Monday, September 25, 2006

How I Got Into SASS

The whole idea of competing in a sport where you dress up like someone from the American West of the 19th century and have fun seemed like something too good to be true. The thought of funny scenarios, side matches, and dinners in period garb was beyond belief. But there it was in the magazine with pictures to prove it. The sport was called Cowboy Action Shooting and the organization was the Single Action Shooting Society. I looked for a club anywhere in South Florida, with no luck, but continued to dream about the day I’d get to participate.

For years I purchased any magazine that had an article about SASS, and finally called in to request a copy of The Cowboy Chronicle. The Chronicle arrived shortly and I read it cover to cover until it was literally in shreds. I used to read about how SASS was created to get away from IPSC and professional status, and even in the description of what SASS is about there was a statement that described SASS as wanting to stay away from the technical gamesmanship of IPSC. This was just perfect, because I had seen IPSC develop from a practical shooting sport where anyone could participate, to a sport ruled by the elite professionals, sponsorships, and big money.

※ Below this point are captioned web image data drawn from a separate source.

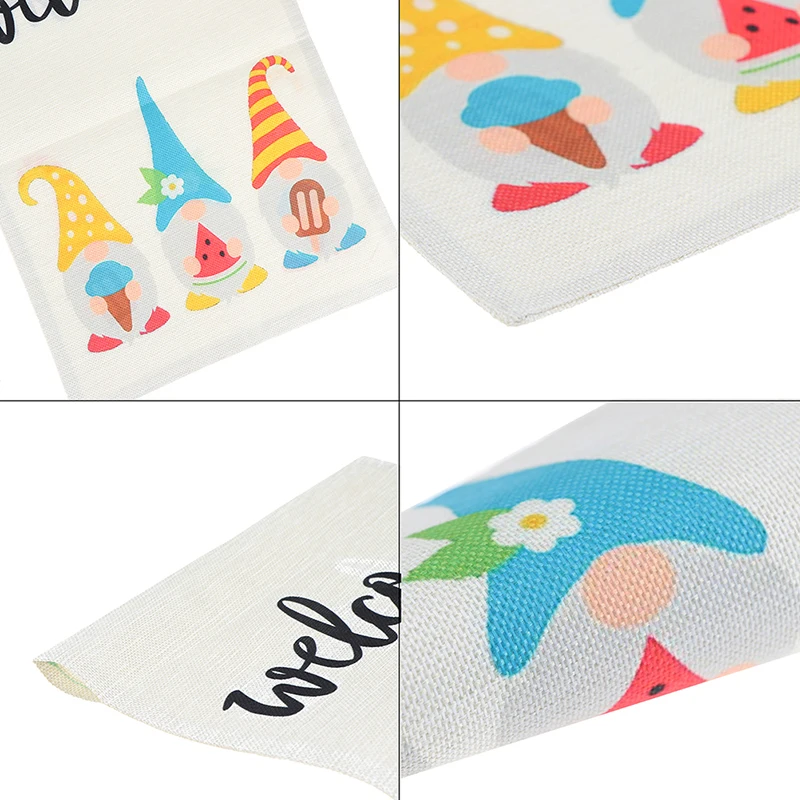 

Summer Welcome Garden Flag 12x18 Inches Gnome Double Sided Vertical Yard Outdoor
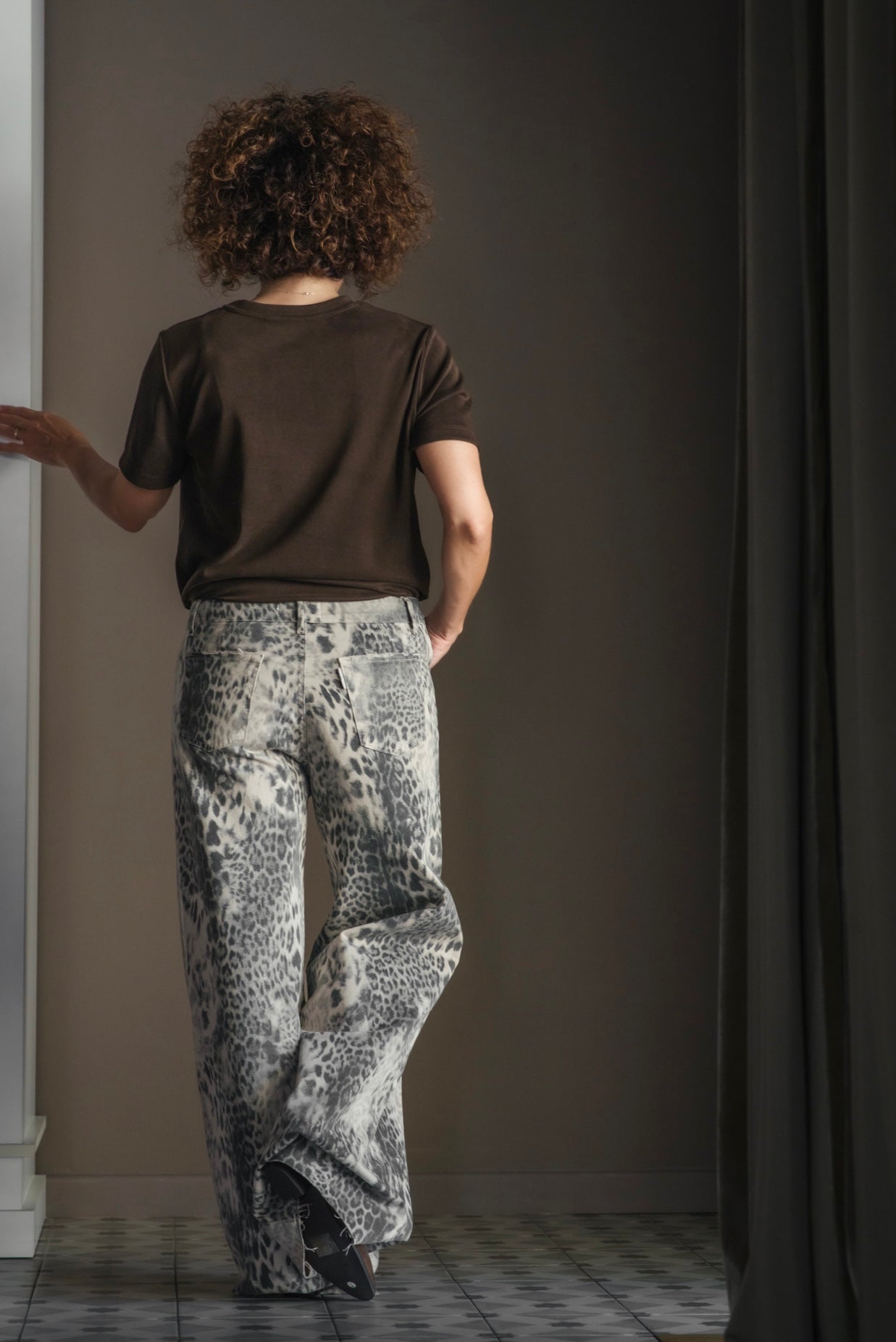 Pantalone denim stampa Leo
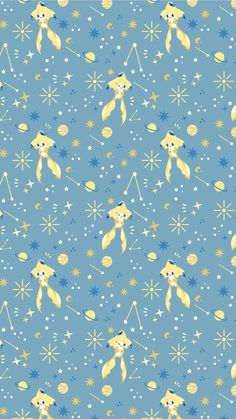 a blue background with snowflakes and teddy bears on it's back ground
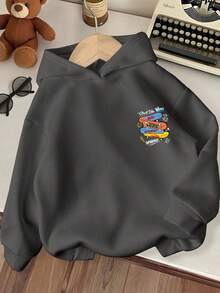 Young Boy Cartoon Pattern Warm Sweatshirt - Dark Grey - View 2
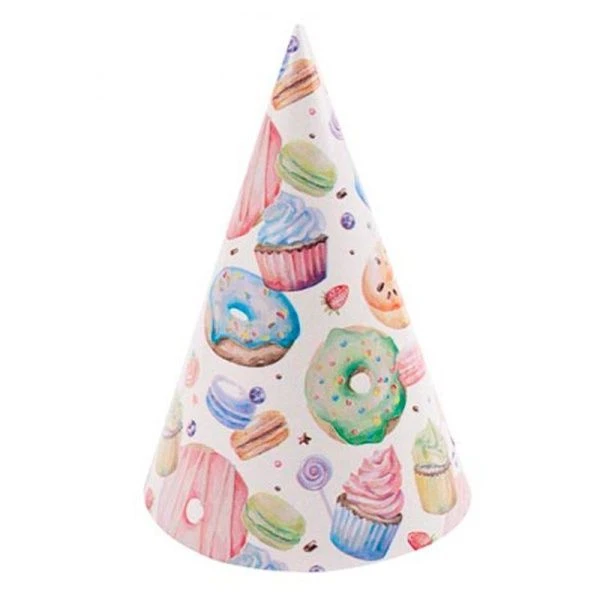 Колпак бумажный (набор 6шт. 16см) Пончики ФЛ-1166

It wasn’t until 2000 that I was able to attend a club shoot: The Gold Coast Gunslingers in Hollywood, Florida. I had no guns or gear, but went anyway just to watch. AS I drove up to park I was hooked! There were a bunch of folks all dressed up in their cowboy clothes, packing six shooters and sporting all sorts of hats! I felt like I had stepped back in time!

I spent that day walking around with my bullwhip wrapped around my shoulder (it made me feel a little less out of place with my shorts and sandals) and it was that whip that attracted the attention of someone that would become a lifelong friend: Doc Whiplash.

Doc approached me and introduced himself, explaining all about SASS and encouraging me to get involved. He even offered to let me shoot his revolvers if I stuck around ‘till the end of the match. I took him up on it and he said that, if I could conjure up the clothes, he’d supply the rest for next month.

The following month I showed up in parts of a Zorro outfit I had worn for Halloween: The hat, the flared vaquero pants, and a shirt (no cape!). I shot the match with Doc’s guns and leather, and had one hell of a lot of fun, starting a tradition of going for pizza afterwards. I went home itching to get my gear and join up!

It was still 2000 when I joined SASS as Bisley Joe, member number 29738. I was working two jobs and trying to put my life back together after a very disappointing series of events that left me penniless and almost homeless, but SASS something I had to do. I probably should have waited, but ordered a pair of Navy Arms Bisley revolvers (where I took my alias from), a rig from El Paso Saddlery, and a Marlin rifle. The shotgun would have to wait though.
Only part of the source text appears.